2. Do the same with his co-workers. Proofread his business plan. Help him with the PowerPoint features he finds incomprehensible. Assist in feminizing his correspondence with his she-devil boss. Again, when you’re gaga over someone you always want to help them anyway. You’ll already be performing these tasks out of love and a desire to useful (and needed). In the Doctor Evil approach, up your efforts a notch so you’re perceived as indispensible, so he’ll have desk-bound moments of “how did I ever survive without her?”
3. Gain access: To his apartment via a key or close alliance with roommates. To his car. To his travel agent. To his schedule. To his secretary. The list goes on and on.
4. Take his stuff: A low-blow, but is a man going to impulsively dump a girl who has his prized collectible Spider-Man limited edition in her possession?
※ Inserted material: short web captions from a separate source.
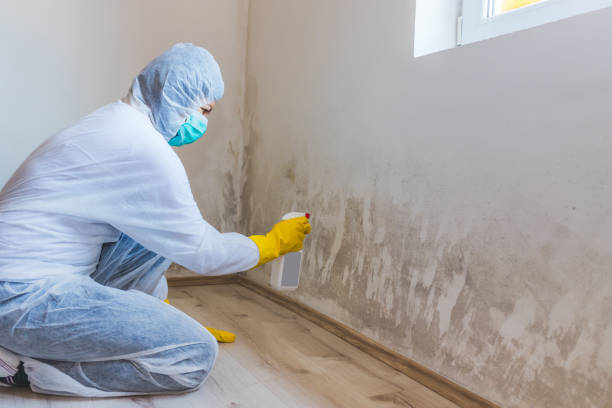 Licensed Crawl Space Mold Removal service in Richmond, MN - WQB Mold Removal
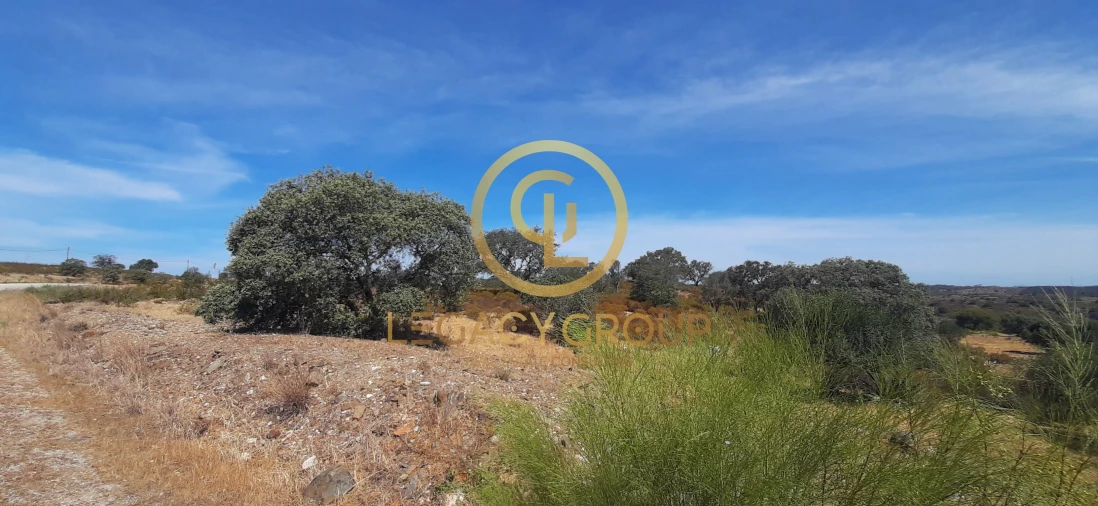 Terreno para Venda em Azinhal Foto 10
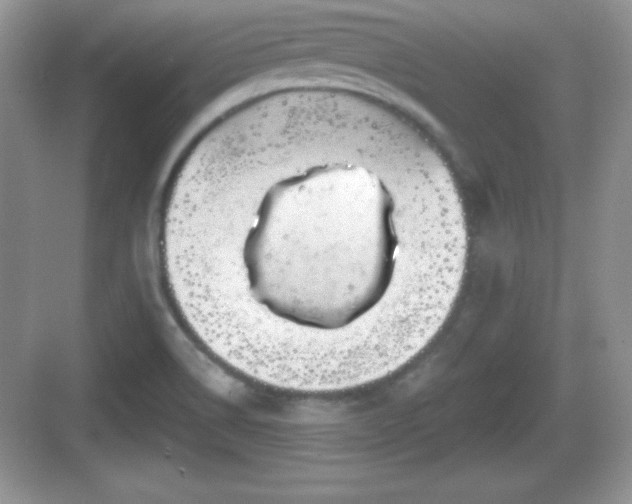 X0000068851514200605121356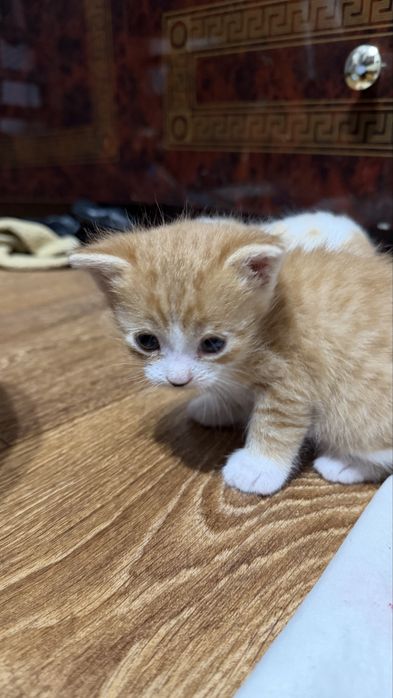 Вислоухие котята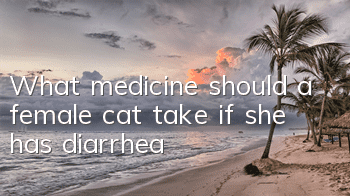 What medicine should a female cat take if she has diarrhea?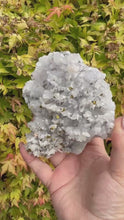 Load and play video in Gallery viewer, UV Reactive Calcite on Quartz Specimen with Chalcopyrite and Rhodochrosite
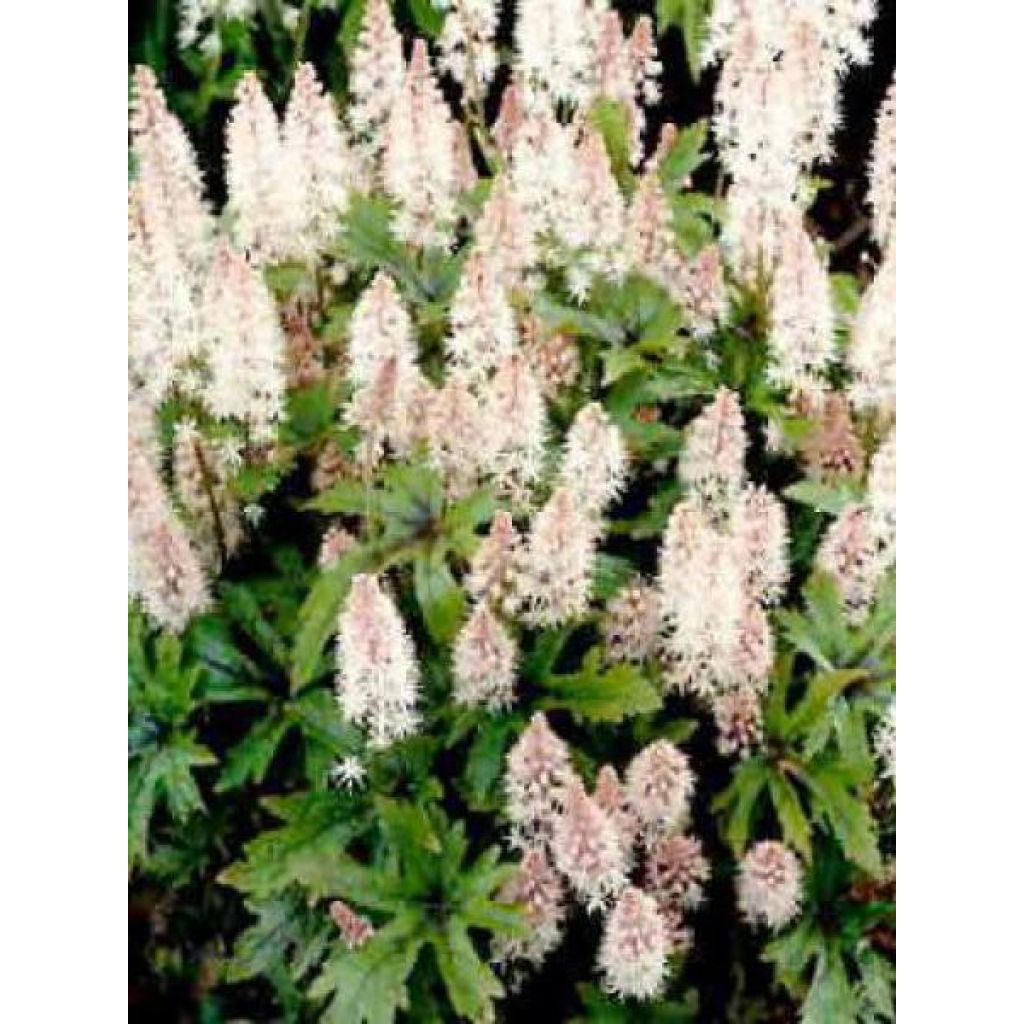 Tiarella Pink Skyrocket - Tiarelle hybride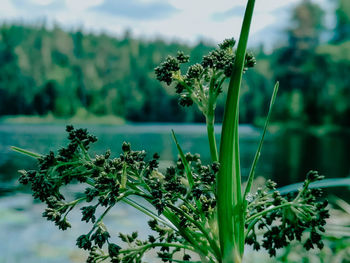 Close-up of flowering plants against blurred background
I think not.
5. Conquer his establishments. Make sure the waiters, maitre d’ and hostesses at his bars and restaurants love you almost more than they love him.
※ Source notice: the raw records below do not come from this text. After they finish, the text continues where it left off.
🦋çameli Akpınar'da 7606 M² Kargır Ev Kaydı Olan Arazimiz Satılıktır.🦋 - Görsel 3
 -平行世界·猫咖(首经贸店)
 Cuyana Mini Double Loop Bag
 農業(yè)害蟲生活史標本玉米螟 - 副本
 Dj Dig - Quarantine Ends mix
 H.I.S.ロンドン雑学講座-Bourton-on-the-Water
There are two opposing viewpoints on this madness. The first is that becoming a stalker, infiltrating every dimension of someone else’s life so they have to commit to you, is jail-worthy and wrong. I agree with that. On the other hand, so many people need that push, the extra shove, the choice made for them. This is Manhattan, the city of infinite options. One could lose a lifetime in constant anticipation of the next best thing, the next adrenaline-filled romantic rush. This is acceptable when you’re young and your inability to commit is viewed as ‘not settling.’ Yet that can’t go on forever. And after being exposed to every flavor of ice cream on the planet, how do you ever settle on just one for life? How do you ever plunge and make that choice?
From this perspective, if you’re at an age in which you’re ready for seriousness, getting Doctor Evil-ed is perhaps the best thing that could happen to you. In fact, if someone Doctor Evil-ed me, making an effort to conquer my friends, enjoy my favorite spots, help me in the things I struggle with, I think that ultimately I’d be an insanely happy camper.
Ultimately, it all comes down to timing for both parties. And while manipulation in relationships is abhorrent and wrong, I remain skeptical that any romance has flourished without a healthy dose of game playing. There’s always going to be the chase and conquer.